Thereupon, the insert flange end 70 is deformed inwardly upon the flange surface 48, FIG. 3, preferably by a rolling operation whereby the entire annular insert flange end 70 will be firmly deformed upon the flange 44 to maintain the assembly of the motor housing 14, projector portion 24, diaphragm 36 and the gaskets 40 and 42. This assembly will position the armature 16 within the motor coil, and the diaphragm is securely supported with respect to the housing and projector.

The outer projector portion 26 is bonded to the projector portion 24 at the parting line 34 to complete the horn assembly, and in some instances, it may be preferable to assemble the projector portions 24 and 26 prior to the assembly of the projector to the motor housing.

As the metal insert 56 is firmly embedded into the material of the inner projector portion 24 a high strength mechanical interconnection between the insert and projector is achieved. Also, as the insert flange end 70 is firmly rolled upon the motor housing flange 44 throughout the configuration of the motor housing a uniform assembly force between the motor housing and projector is achieved which insures that the support of the diaphragm at its periphery will be uniform, resulting in the reduction of stresses in the diaphragm, and assuring the designed frequency of oscillation of the diaphragm and the audio characteristics produced thereby. The insert flange 60 is concisely related to the configuration of the motor housing, and the described assembly does not result in any projections or protuberances, and results in a "clean" appearance.

It is appreciated that various modifications to the inventive concept may be apparent to those skilled in the art without departing from the spirit and scope of the invention.

Claims

1. As an article of manufacture, a molded synthetic plastic electric horn projector having an annular planar surface defined thereon for mounting the projector upon a motor subassembly having a flange portion, a metal insert integrally molded into the material of said projector, and a deformable metal flange of annular configuration defined upon said insert surrounding said mounting surface and projecting from said projector configuration adjacent said mounting surface intersecting the plane of said mounting surface and extending therebeyond for deformation upon the subassembly flange portion.

2. In an electric horn including a motor housing having a flange defining a periphery and a flat projector mounting surface, a projector mounted upon the flange mounting surface having a sound passage for emitting sound, said projector being of a molded construction formed of a synthetic plastic material having a mounting surface in opposed relationship to the motor housing flange projector mounting surface, the improvement comprising, a metal insert integrally molded into the plastic projector material having a deformable portion projecting from the configuration of the projector adjacent the mounting surface of the projector, said deformable portion being deformed upon the motor housing flange over the periphery thereof to maintain the motor housing and projector in assembled relation.

3. In an electric horn as in claim 2, said deformable portion comprising a flange defined upon said insert of a continuous configuration extending beyond the mounting surface defined upon the projector, said insert flange extending about the motor housing flange periphery and being deformed upon the motor housing flange.
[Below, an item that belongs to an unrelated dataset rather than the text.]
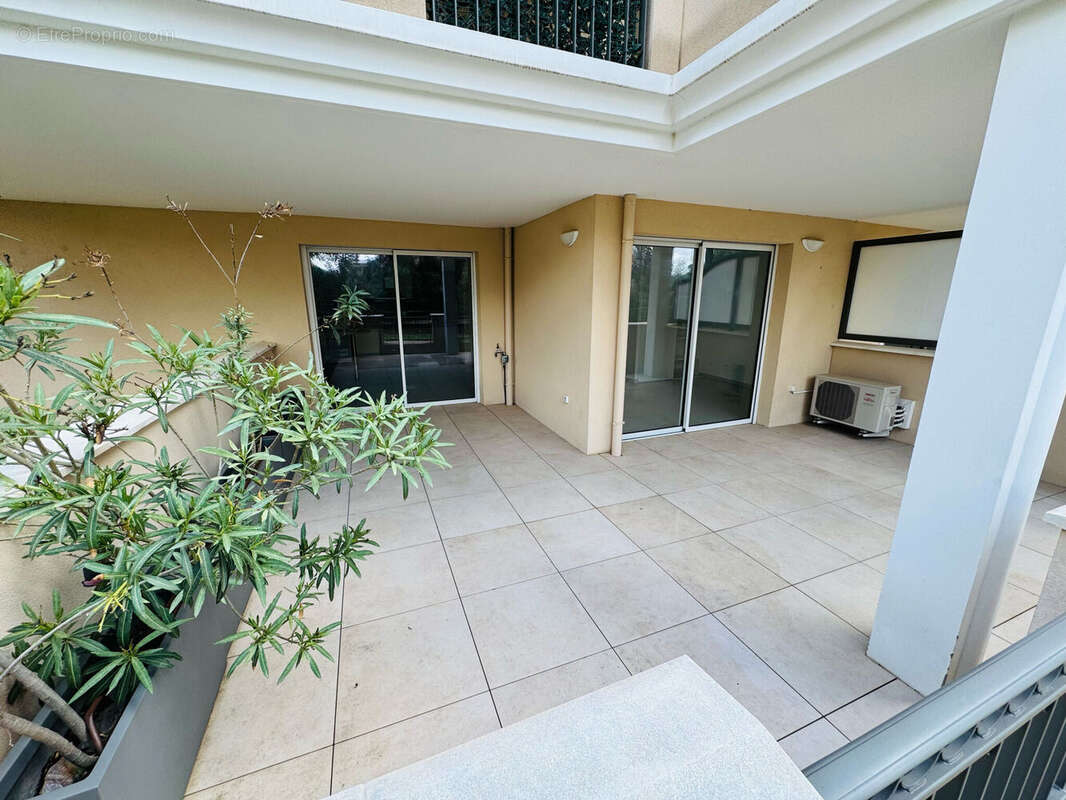 Photo 2 - Appartement à BORMES-LES-MIMOSAS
4. In an electric horn as in claim 3, said metal insert comprising a disc having a substantially flat central region, said insert flange being defined at the periphery of said insert and comprising a cylinder having an axis substantially perpendicular to said insert central region.

5. In an electric horn as in claim 4, a plurality of holes defined in said insert central region to aid in the bonding of said insert with the material of said projector.

6. In an electric horn as in claim 3, wherein the motor housing projector mounting surface and the projector mounting surface are each substantially flat and circular in configuration, said metal insert flange being of a cylindrical configuration extending about the mounting surface of the projector and transversely extending therebeyond, said cylindrical insert flange including an outer end region deformed over the periphery of the motor housing flange.